Provided material

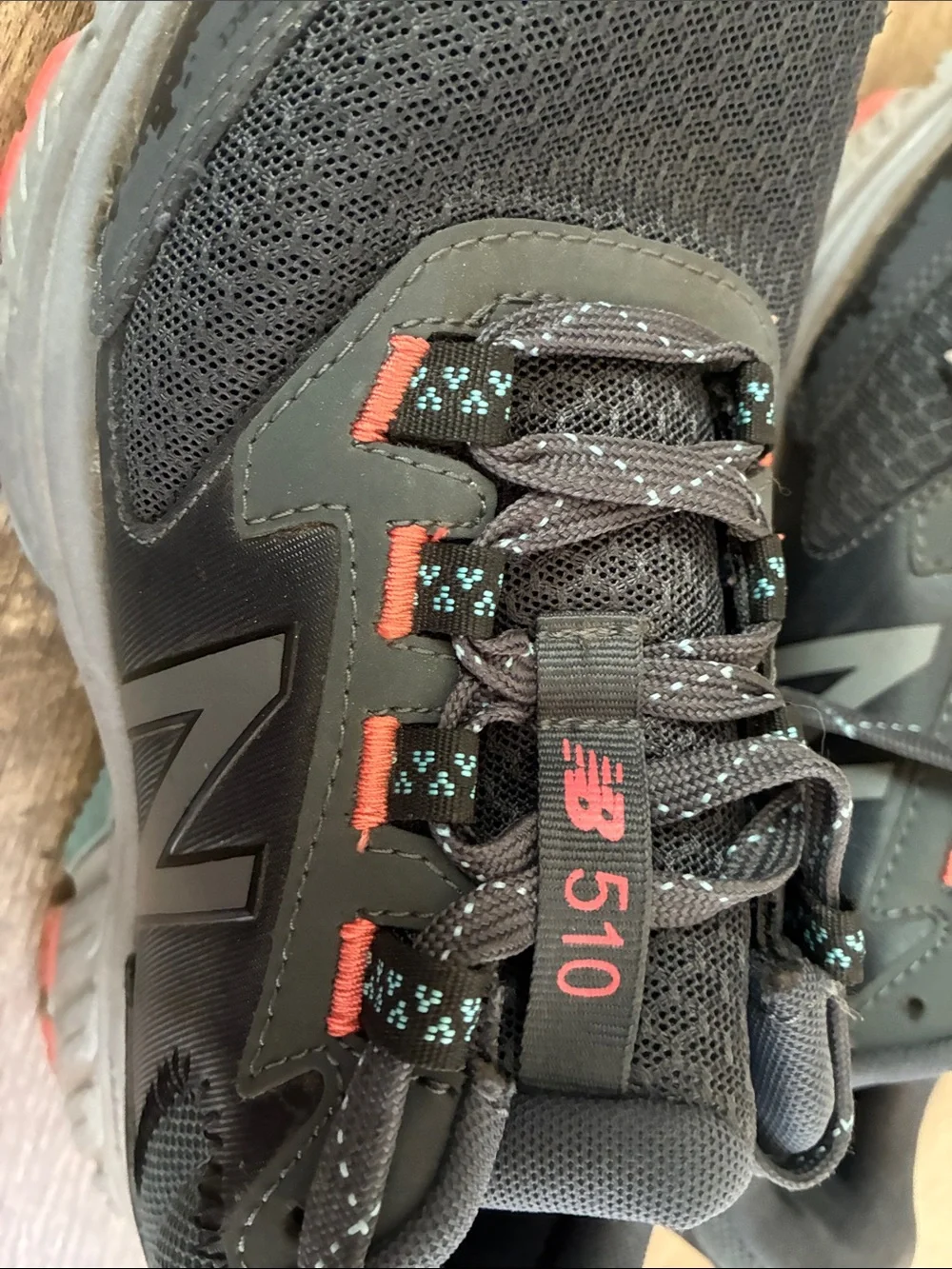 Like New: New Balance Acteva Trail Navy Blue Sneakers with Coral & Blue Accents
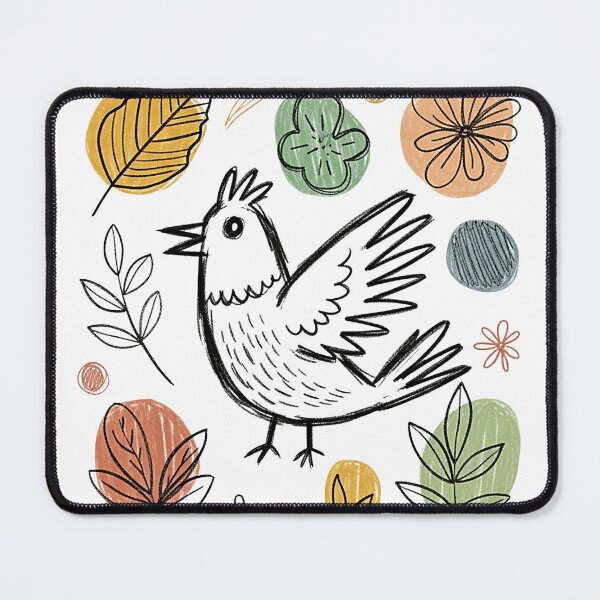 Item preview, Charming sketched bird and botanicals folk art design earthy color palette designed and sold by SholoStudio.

...

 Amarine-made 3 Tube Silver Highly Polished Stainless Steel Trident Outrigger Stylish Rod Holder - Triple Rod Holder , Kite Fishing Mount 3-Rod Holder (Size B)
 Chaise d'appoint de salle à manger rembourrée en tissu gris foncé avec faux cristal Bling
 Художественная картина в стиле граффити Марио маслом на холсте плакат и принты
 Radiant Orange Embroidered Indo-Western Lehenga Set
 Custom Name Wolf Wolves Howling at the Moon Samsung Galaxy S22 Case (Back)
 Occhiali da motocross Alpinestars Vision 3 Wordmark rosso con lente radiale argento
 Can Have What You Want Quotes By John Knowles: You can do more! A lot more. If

==

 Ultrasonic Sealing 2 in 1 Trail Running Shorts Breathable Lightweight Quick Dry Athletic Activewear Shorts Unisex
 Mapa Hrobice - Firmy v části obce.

Task objective
Would you transcribe the lines above exactly, going from the line bearing "Like New: New" through the line bearing "Item preview, Charming", and drop the pictures from the copy?

Response
 Like New: New Balance Acteva Trail Navy Blue Sneakers with Coral & Blue Accents
 Item preview, Charming sketched bird and botanicals folk art design earthy color palette designed and sold by SholoStudio.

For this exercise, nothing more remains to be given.